Стемнин не ответил. «Как раньше» для Петра Назаровича могло быть связано с лучшими моментами прошлого, а для жены — с худшими.
— Опять же, знаешь, что я думаю… — доверительно продолжал Петр. — Может, это ерунда на постном масле, а может, и нет. Если у нас с Нонкой все путем, то и у детей будет все нормально. А если у нас развалится, им это вроде подсказки. Мол, отцу с матерью можно, нам, значит, тоже. Нам тоже терпеть не надо, вместе оставаться не надо…
Он умолк и отвернулся.
Стемнин знал, что предложение измениться, да еще из его уст, вызовет у Петра Назаровича недовольство. Кто он такой, чтобы учить жизни взрослого мужика! Он, не сумевший сохранить собственную семью, невзирая на все попытки измениться в нужную сторону. С другой стороны, он страстно хотел, чтобы его письмо совершило чудо и не мог позволить кому-то это чудо разрушить.
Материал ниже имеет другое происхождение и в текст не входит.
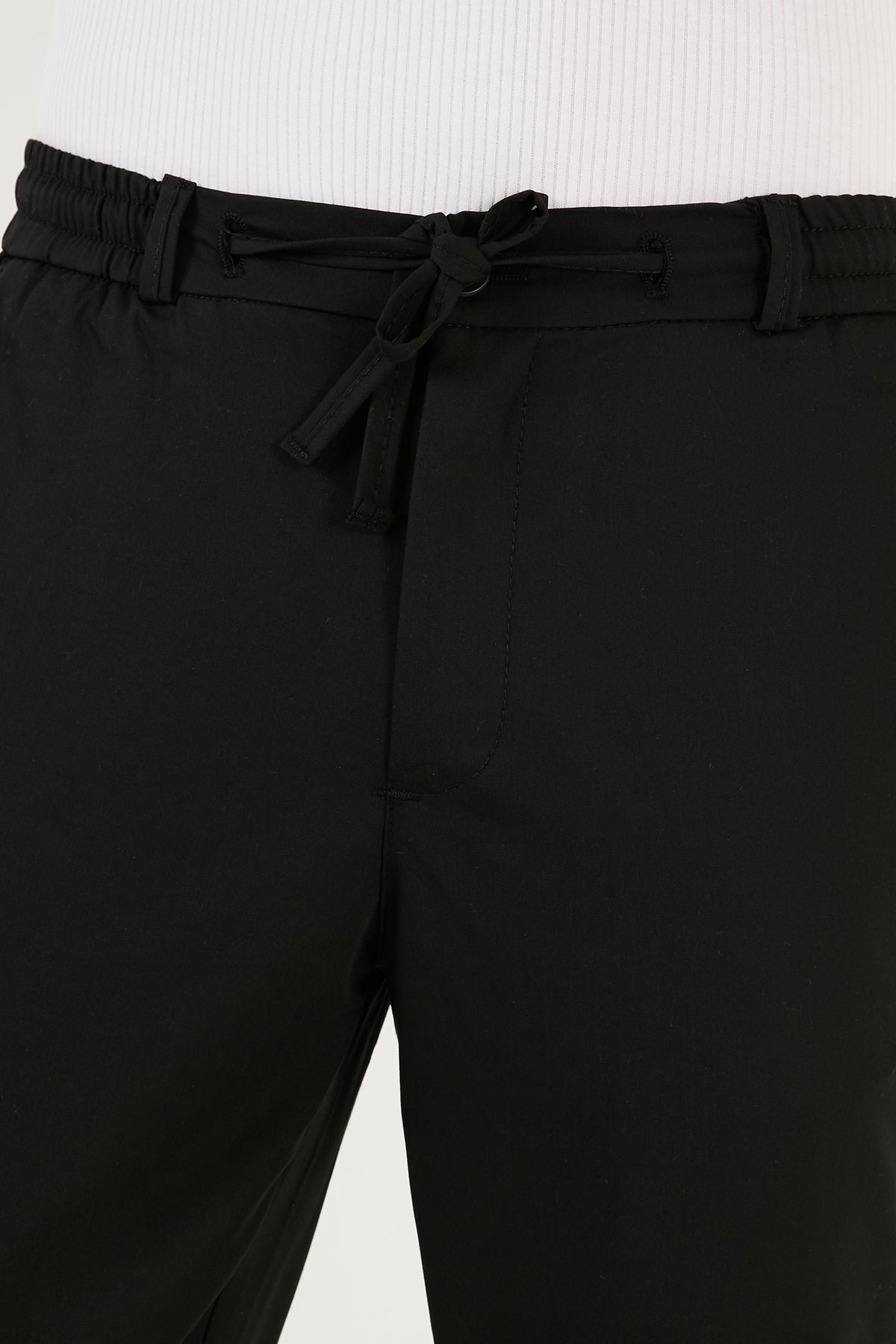 Buratti Belden Bağlamalı Cepli Normal Bel Düz Paça Slim Fit Erkek Pantolon 6135516 SİYAH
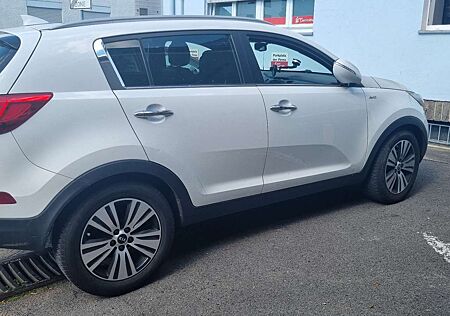 Kia Sportage 2.0 CRDi 184 4WD Automatik Spirit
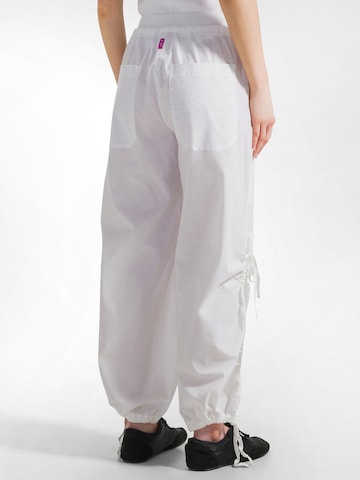 regular Pantaloni di DEHA in bianco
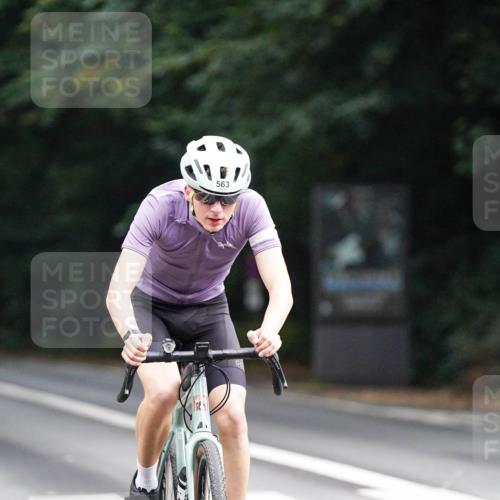 14.09.2025 - Stadtparktriathlon Michael Burmester http://msf.ph/oto/8909779 14.09.2025 10:19:50 Radfahren 563, 633 meine-sportfotos.de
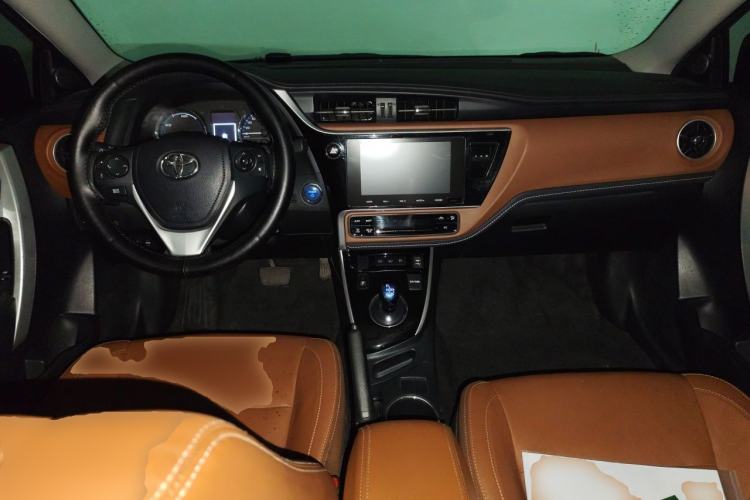 Used Toyota Corolla Hybrid E+ 2019 1.8L E-CVT Luxury Edition Center Console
Осторожно перешагивая от слова к слову, Стемнин просил Петра Назаровича согласиться с новшествами, даже если они кажутся ему чудачеством.
— Ну и что теперь будет?! — крикнул Петр Назарович. — Что хочу, то ворочу? Меня и не спросит никто? Теперь уже не мужик в семье голова?
— Послушайте, — терпеливо внушал Стемнин, — она что, маску поросенка носит? Дустом пудрится? Прямо вот так непереносимо?
— Слушай, ну не нравятся мне ее тряпки. И как она по телефону стала разговаривать, тоже не нравится. Ну телефон — ладно. — Петр Назарович понемногу успокаивался. — Потерпеть в принципе можно.
— И что плохого в тряпках? Вас же их носить не заставляют. А для женщины одежда — это часть тела, часть души. Она помолодела, ваша жена, а вы хотите ее состарить!
— Сказал — потерплю, — упрямо повторяет Петр.
Стемнин взглянул на клиента с сомнением:
— Поймите, одним письмом не обойдется…
— А сколько нужно писем?
— Да я не о том говорю. Я напишу письмо, ваша жена, предположим, решит вернуться. А что будет дальше? Если вы будете относиться к ней как раньше или просто сдерживать раздражение, все рано или поздно опять рухнет.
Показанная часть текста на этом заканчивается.